▶ **Activity**
Repeat precisely the span of lines below that opens with the line containing "Screenshot 2 of Knowledge for AI" and closes with the line containing "Luxury 4 berth Adria Matrix 2017", both included.

▶ **Given data**
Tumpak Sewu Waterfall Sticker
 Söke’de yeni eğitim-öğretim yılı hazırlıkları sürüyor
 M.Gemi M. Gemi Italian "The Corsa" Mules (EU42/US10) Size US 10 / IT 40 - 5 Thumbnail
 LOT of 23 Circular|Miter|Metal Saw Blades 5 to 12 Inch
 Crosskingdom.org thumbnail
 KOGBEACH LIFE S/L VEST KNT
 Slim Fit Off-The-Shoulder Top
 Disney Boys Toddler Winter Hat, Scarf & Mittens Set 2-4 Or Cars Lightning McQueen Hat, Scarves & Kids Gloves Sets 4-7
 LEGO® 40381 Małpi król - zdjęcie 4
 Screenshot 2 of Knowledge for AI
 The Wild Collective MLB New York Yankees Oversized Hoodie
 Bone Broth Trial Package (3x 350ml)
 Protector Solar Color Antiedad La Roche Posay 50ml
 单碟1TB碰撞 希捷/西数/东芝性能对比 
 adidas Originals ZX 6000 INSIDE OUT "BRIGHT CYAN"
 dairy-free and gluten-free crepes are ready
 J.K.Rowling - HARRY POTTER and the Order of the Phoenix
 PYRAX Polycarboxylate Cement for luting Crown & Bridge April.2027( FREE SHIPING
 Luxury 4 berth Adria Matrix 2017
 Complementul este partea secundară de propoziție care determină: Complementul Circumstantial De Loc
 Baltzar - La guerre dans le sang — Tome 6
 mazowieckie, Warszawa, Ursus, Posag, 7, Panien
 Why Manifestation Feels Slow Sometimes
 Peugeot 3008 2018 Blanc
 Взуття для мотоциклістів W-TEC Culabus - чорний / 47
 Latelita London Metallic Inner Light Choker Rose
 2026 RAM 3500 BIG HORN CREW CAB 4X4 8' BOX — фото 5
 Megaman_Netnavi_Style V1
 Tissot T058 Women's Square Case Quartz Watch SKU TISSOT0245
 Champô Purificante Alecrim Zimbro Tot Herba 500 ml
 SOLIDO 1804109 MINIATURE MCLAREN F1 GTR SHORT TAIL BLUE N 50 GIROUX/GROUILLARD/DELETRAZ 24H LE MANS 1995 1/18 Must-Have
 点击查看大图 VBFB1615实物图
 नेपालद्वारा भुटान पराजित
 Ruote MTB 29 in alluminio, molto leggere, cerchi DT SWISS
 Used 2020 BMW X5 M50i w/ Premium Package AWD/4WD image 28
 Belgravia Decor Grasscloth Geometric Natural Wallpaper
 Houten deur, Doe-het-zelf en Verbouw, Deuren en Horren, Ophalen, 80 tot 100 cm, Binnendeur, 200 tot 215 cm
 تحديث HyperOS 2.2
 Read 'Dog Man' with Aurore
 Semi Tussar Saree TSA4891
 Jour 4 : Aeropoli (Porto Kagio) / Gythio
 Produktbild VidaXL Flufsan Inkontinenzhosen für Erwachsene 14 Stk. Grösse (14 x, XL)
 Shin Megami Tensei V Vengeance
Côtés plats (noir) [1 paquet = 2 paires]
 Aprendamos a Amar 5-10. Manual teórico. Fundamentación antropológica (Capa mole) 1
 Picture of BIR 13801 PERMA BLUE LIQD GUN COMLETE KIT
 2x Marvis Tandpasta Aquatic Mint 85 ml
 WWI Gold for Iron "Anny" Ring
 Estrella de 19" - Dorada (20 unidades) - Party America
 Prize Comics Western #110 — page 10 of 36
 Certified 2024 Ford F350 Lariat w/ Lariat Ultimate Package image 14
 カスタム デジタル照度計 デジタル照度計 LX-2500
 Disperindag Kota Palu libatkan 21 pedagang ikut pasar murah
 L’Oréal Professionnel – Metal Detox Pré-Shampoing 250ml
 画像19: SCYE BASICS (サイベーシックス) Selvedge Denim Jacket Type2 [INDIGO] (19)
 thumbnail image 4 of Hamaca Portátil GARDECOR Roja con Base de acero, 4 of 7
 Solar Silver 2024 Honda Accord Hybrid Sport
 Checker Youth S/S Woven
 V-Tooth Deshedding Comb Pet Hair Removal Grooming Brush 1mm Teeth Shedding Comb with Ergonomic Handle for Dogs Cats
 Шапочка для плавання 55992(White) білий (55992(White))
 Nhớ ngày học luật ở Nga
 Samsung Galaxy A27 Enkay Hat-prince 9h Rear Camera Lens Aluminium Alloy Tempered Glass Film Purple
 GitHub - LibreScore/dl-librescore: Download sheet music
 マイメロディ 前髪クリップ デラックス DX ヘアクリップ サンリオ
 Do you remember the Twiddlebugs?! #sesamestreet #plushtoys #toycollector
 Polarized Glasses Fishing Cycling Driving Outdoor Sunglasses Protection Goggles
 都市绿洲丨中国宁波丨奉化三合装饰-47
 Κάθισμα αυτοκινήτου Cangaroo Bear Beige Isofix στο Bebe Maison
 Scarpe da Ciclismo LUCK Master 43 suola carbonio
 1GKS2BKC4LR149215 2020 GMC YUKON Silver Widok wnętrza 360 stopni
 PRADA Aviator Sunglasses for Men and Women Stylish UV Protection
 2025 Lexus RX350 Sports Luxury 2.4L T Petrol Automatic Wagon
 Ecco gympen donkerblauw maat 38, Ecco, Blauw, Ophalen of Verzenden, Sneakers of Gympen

▶ **Your response**
 Screenshot 2 of Knowledge for AI
 The Wild Collective MLB New York Yankees Oversized Hoodie
 Bone Broth Trial Package (3x 350ml)
 Protector Solar Color Antiedad La Roche Posay 50ml
 单碟1TB碰撞 希捷/西数/东芝性能对比 
 adidas Originals ZX 6000 INSIDE OUT "BRIGHT CYAN"
 dairy-free and gluten-free crepes are ready
 J.K.Rowling - HARRY POTTER and the Order of the Phoenix
 PYRAX Polycarboxylate Cement for luting Crown & Bridge April.2027( FREE SHIPING
 Luxury 4 berth Adria Matrix 2017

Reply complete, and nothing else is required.